Brambles less than total Recall commitment
What do you do when you can’t flog a division from your business? You demerge it.
Having failed to secure the mooted $2 billion asking price last year, Brambles now has no option but hive off its Recall document management and destruction business, particularly given the technological challenges the document storage industry faces.
It may once have been a natural fit to a business that, as a conglomerate, derived a fair portion of its income from security services. That’s no longer the case.
Brambles abandoned the Recall sale more than a year ago, after an extended sales process, at the time citing Europe’s debt crisis as a major contributing factor for the shortage of buyers. It is more likely they baulked at the price and its uncertain future.
Just months earlier, during the height of the crisis, the company and its advisors issued the obligatory off the record hints to the media that the company was being swamped with offers.
Chairman Graeme Kraehe has consistently argued Recall was a strong business with solid growth potential. That point was rammed home this morning in a note the stock exchange outlining the intention to separately list the division.
“Stable, recurring revenue streams” and “strong operating cash flows to support dividends and investment” were featured throughout the document.
Unfortunately, it is earnings stability that seems to be missing this year. Recall’s underlying profit was downgraded to between $US138 and $US142 million this year on “reduced sales revenue and higher business development costs”.
Given there is no change to Brambles guidance, it is clear that the Recall division is becoming a drag on earnings.
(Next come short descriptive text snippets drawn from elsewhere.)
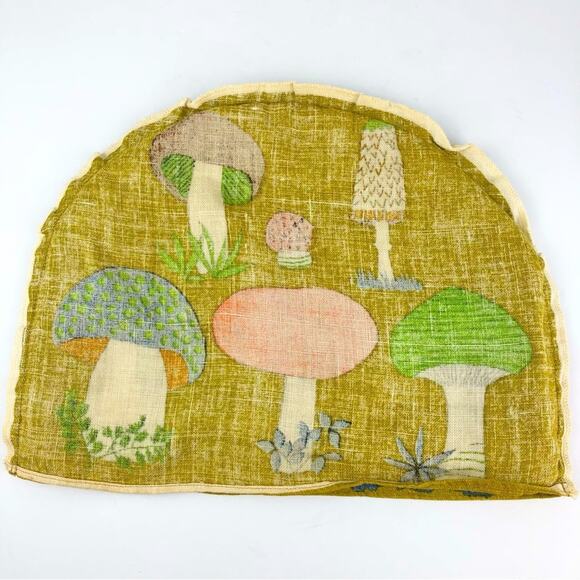 Vintage Mushroom Tea Cozy Fabric Cover - Picture 3 of 4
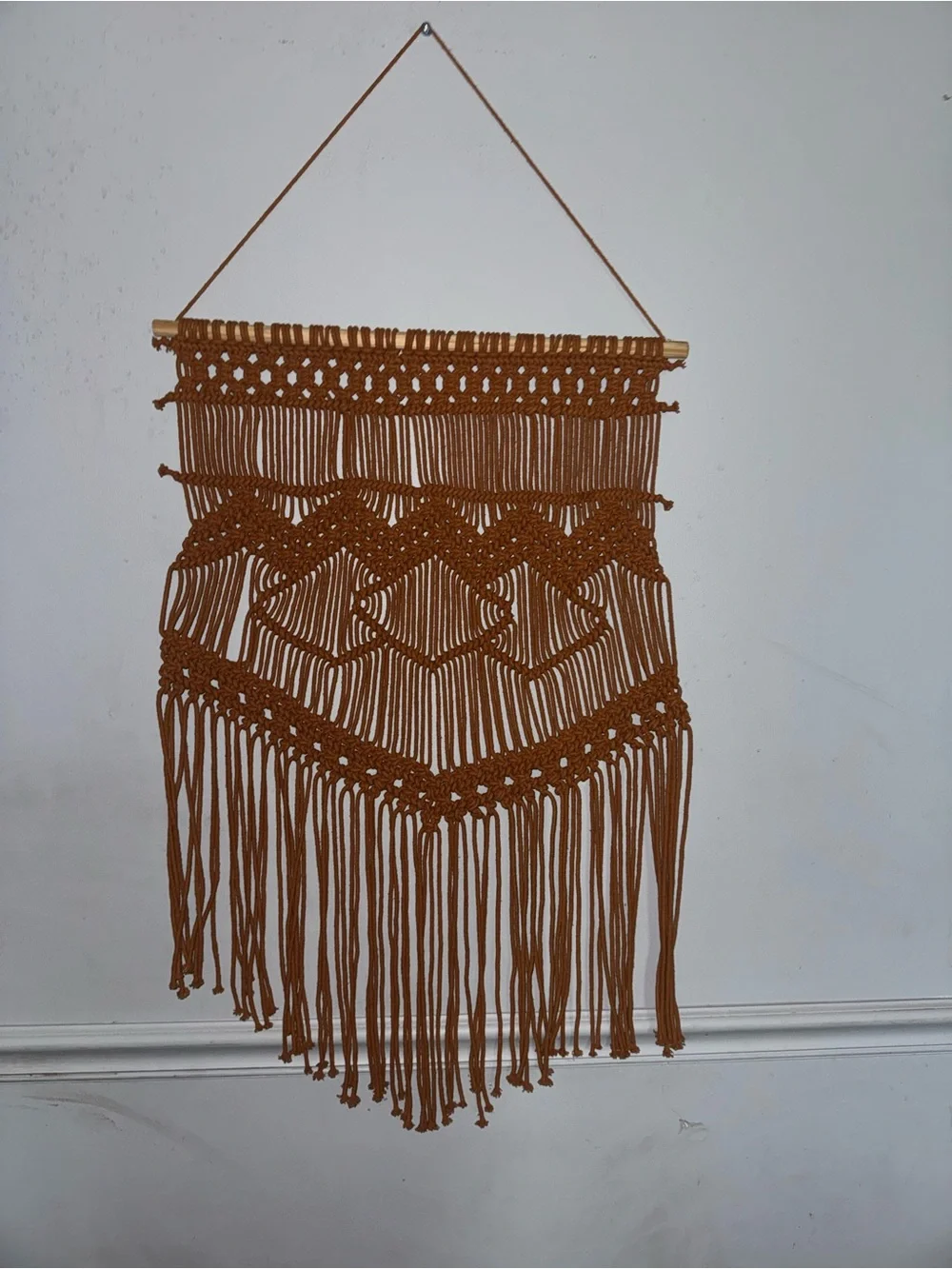 Handmade Terracotta Macramé Wall Hanging
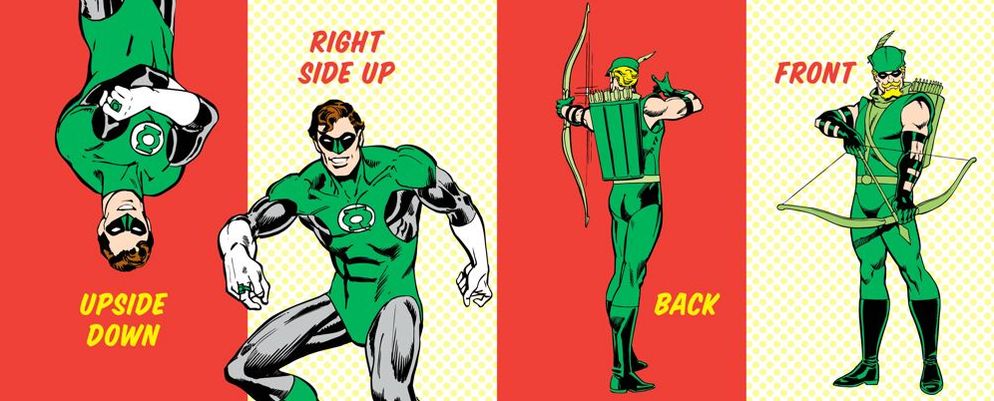Super Heroes Book of Opposites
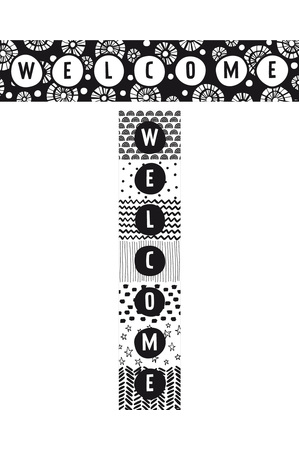 Black & White - Welcome Banner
Like many industries Recall is facing challenges from new digital technologies, particularly the emergence of cloud computing. While some professions, such as legal and accounting, still require hard copies, document storage is moving into the ether.
Old technology it may be, but Brambles pallet business by contrast is going from strength to strength.
The recent collapse of an American competitor iGPS has cemented its dominance in the market.
Last week, investment bank UBS argued the pallet division would lift earnings by 10% on a constant currency basis. Once foreign exchange movements were taken into account, given the fall in the Australian dollar, should lift the Australian dollar earnings per share line by around 11%.
Eureka Report identified Brambles as a stock price laggard with good earnings growth prospects back in February.